I expect that the same problem will occur in all motorhomes where these ducts are not firmly fixed to the heating unit. :roll:


----------



## camoyboy (May 9, 2005)

Hi Codfinger,
The "normal" method of holding them in is to stick a self tapper through the plastic collar on the Truma and into the pipe, the same on the vent end. Not the best method but it seems to work. On our previous Rapido one of the trunking pipes was about 30 cm short of the outlet, it never had been fitted!! 
One of the first things I checked on this one was that all the vents worked and the pipes were secure.
Colin


----------



## Coulstock (Sep 2, 2008)

*C6002 Truman Hoses*

Hi Codfinger

Had a look at my Truman installation ( circa 2004) - large jubilee clip on flue hose ( black) - brown hoses to punkas seem to be push fitted - can't quite see due to dummy flooring around the heater installation - don't go drilling - if you can get access then fit jubilee clips - easily sourced.
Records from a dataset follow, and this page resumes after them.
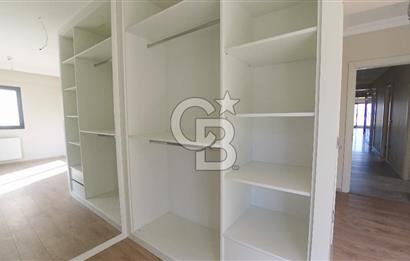 İzmir Çiğli Esentepe Has Evler Sitesi Kiralık 3+1 182 m² Daire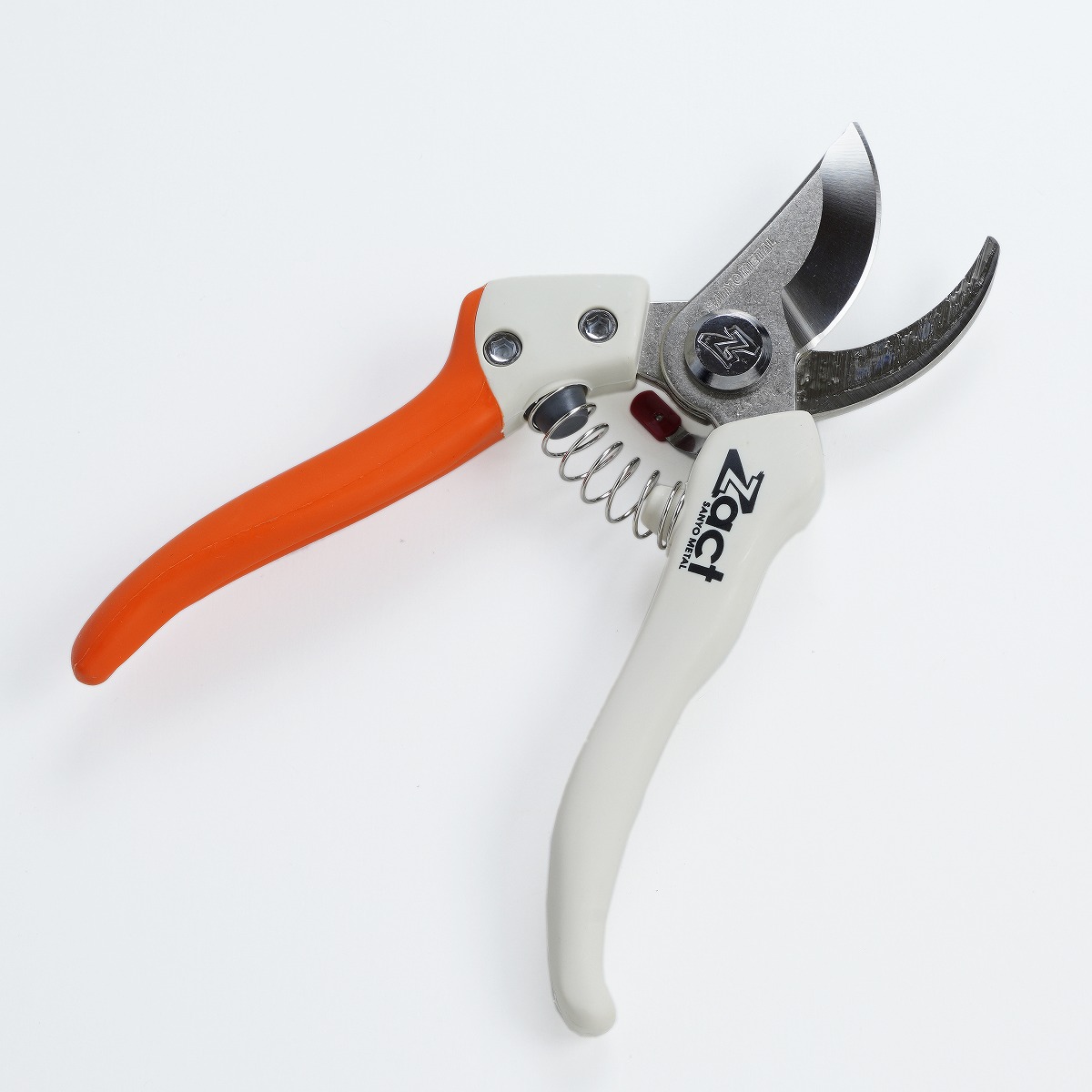 剪定鋏ザクト 210mm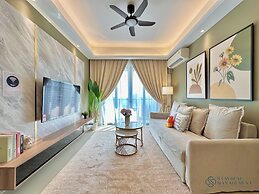 R&F Princess Cove Phase 2 by Stayrene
Outdoor bits has some nice 'proper' large diameter hose clips.

Harry


----------



## Codfinger (Jan 11, 2008)

*truma*

Thanks guys, will have a "proper" look when we get home as we are on site down here at Waterrow, still it gave me something to do for an hour with no tools available! access is very restricted to the heater on the 938 plus my arms dont bend like they used to lol 
Think I will look at my Oyster sat system which is not well at the mo.
cheers for now
Chris


----------